Michelle Smith has been making Whole30 compliant recipes for years and sharing them on The Whole Smiths blog and @thewholesmiths Instagram. We love her easy 30-second homemade mayo; her relatable sense of humor; and her family-friendly, flavorful recipes.
That’s why we can’t wait for June 5th, the day that Michelle’s The Whole Smiths Good Food Cookbook hits the shelves of your favorite bookstore. Good Food Cookbook is the first ever official Whole30 Endorsed cookbook, and it’s packed with 120 healthy recipes. The best part?

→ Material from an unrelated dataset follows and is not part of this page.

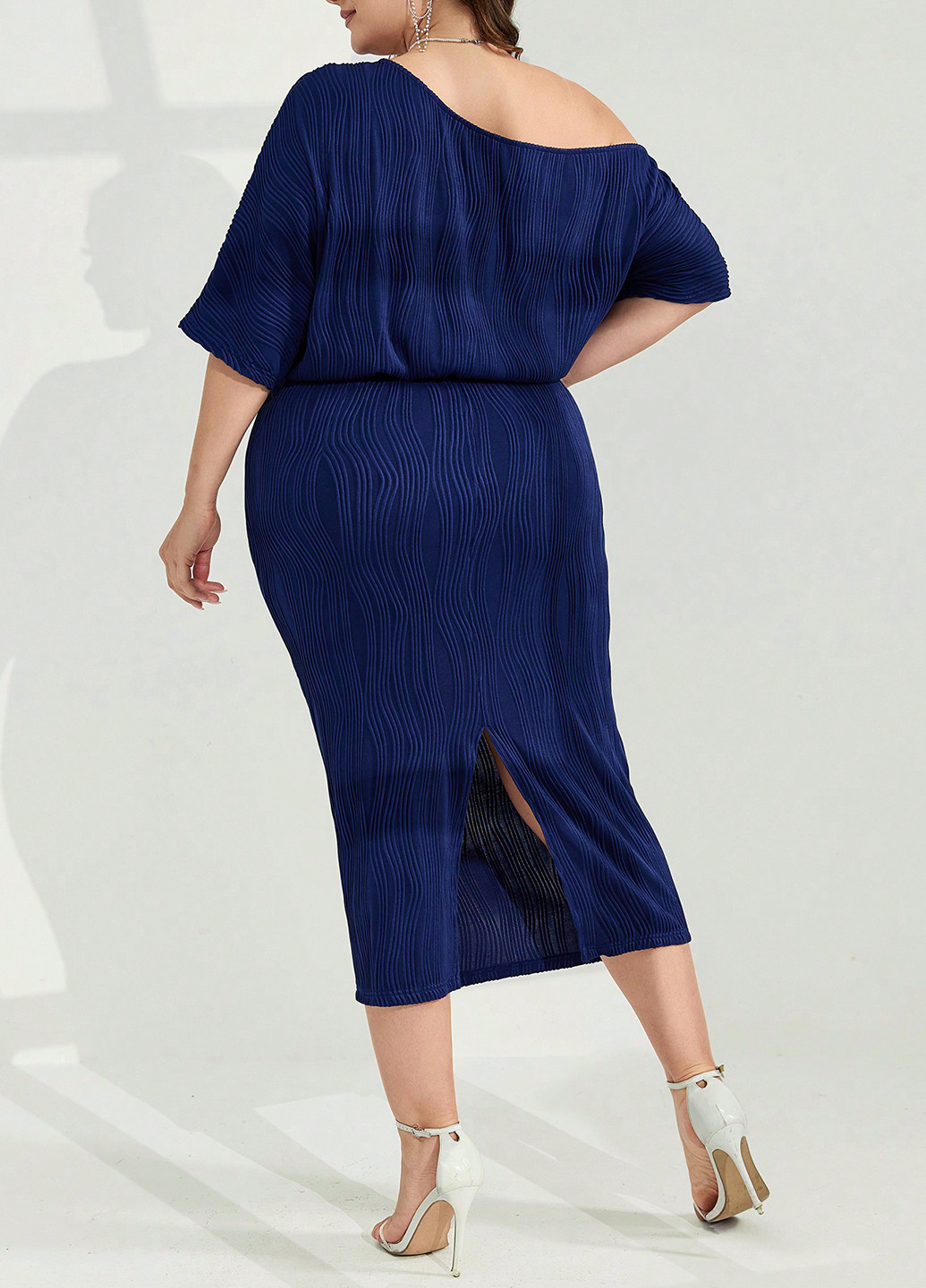 Темно-синее коктейльное платье футляр SHEIN однотонное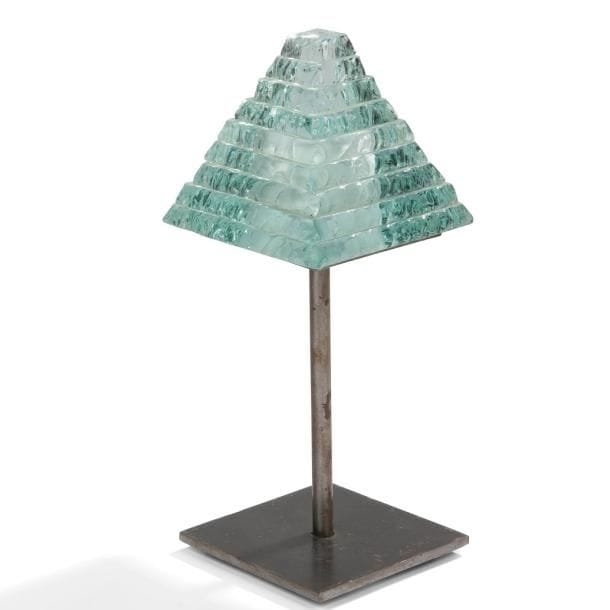 Laurent BEYNE (né en 1965) 
Petite lampe de table. Pied en métal, abat-jour pyramidal en verre dépoli et grugé. Éclats épars. Édition Atelier des deux ailes. Signée Laurent BEYNE et daté 91 à la pointe sous l’abat-jour.
H. totale 25,5?cm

Half of the dishes are automatically Whole30 compliant, and an additional 19 can be easily modified to fit the program.
The remainder of the recipes will serve you in life after the Whole30, when you’re making your Food Freedom work for you. You’ll get a peek into how Michelle includes non-compliant items into her routine, with recipes that include some whole grains, dairy and natural sweeteners. The Whole Smiths Good Food Cookbook makes healthy home cooking a manageable, delicious and family-friendly endeavor in your everyday life, during and after your Whole30.

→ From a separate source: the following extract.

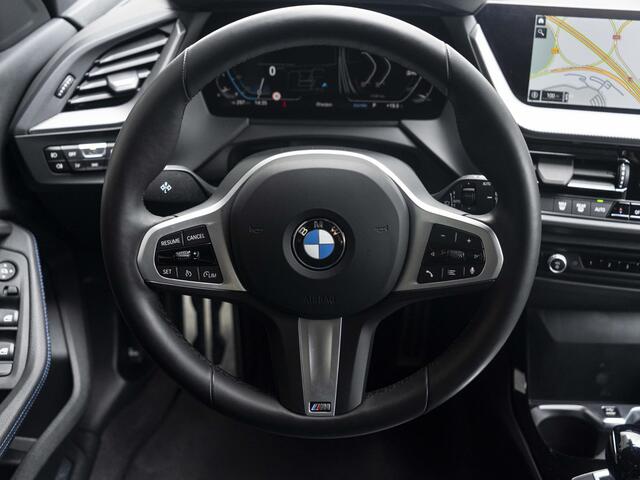 BMW 1-SERIE 118i | M Sportpakket | 17 inch | Parking Assistant | M Sport Steering | Achteruitrijcamera | Sportstoelen | Cruise Control
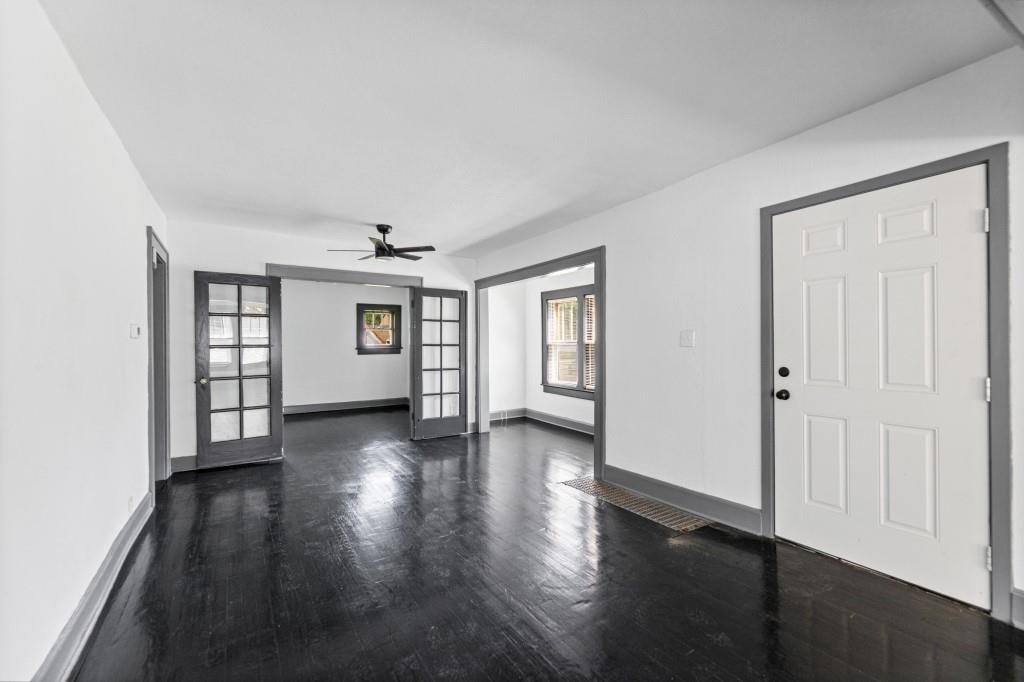 2918 Parkwood Boulevard Property Photo 10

Here’s the first sneak-peek from The Whole Smiths Good Food Cookbook, an all-in-one meal that left the entire Whole30 team drooling on their keyboards and will prove as appealing to grown-ups as it will to kids.
Broccoli Chicken Ranch Potatoes
I really wanted to include a Whole30-compliant twice-baked potato in this book. Even though twice- baked potatoes usually have cheese (and lots of it), I decided to make a go at creating a version so loaded with flavor and goodness that nobody would even miss the extra dairy. I’m here to tell you that I succeeded. – Michelle of The Whole Smiths
3 medium russet potatoes, scrubbed clean
1 1⁄2 teaspoons extra-virgin olive oil
2 teaspoons salt
3 tablespoons ghee or salted butter
3 scallions, chopped
2 garlic cloves, minced
1 1⁄2 tablespoons chopped fresh dill
1 tablespoon chopped fresh parsley
1 tablespoon nutritional yeast
2 teaspoons chopped fresh chives
1⁄4 teaspoon freshly ground black pepper
1⁄2 pound broccoli florets (from about 1⁄2 head)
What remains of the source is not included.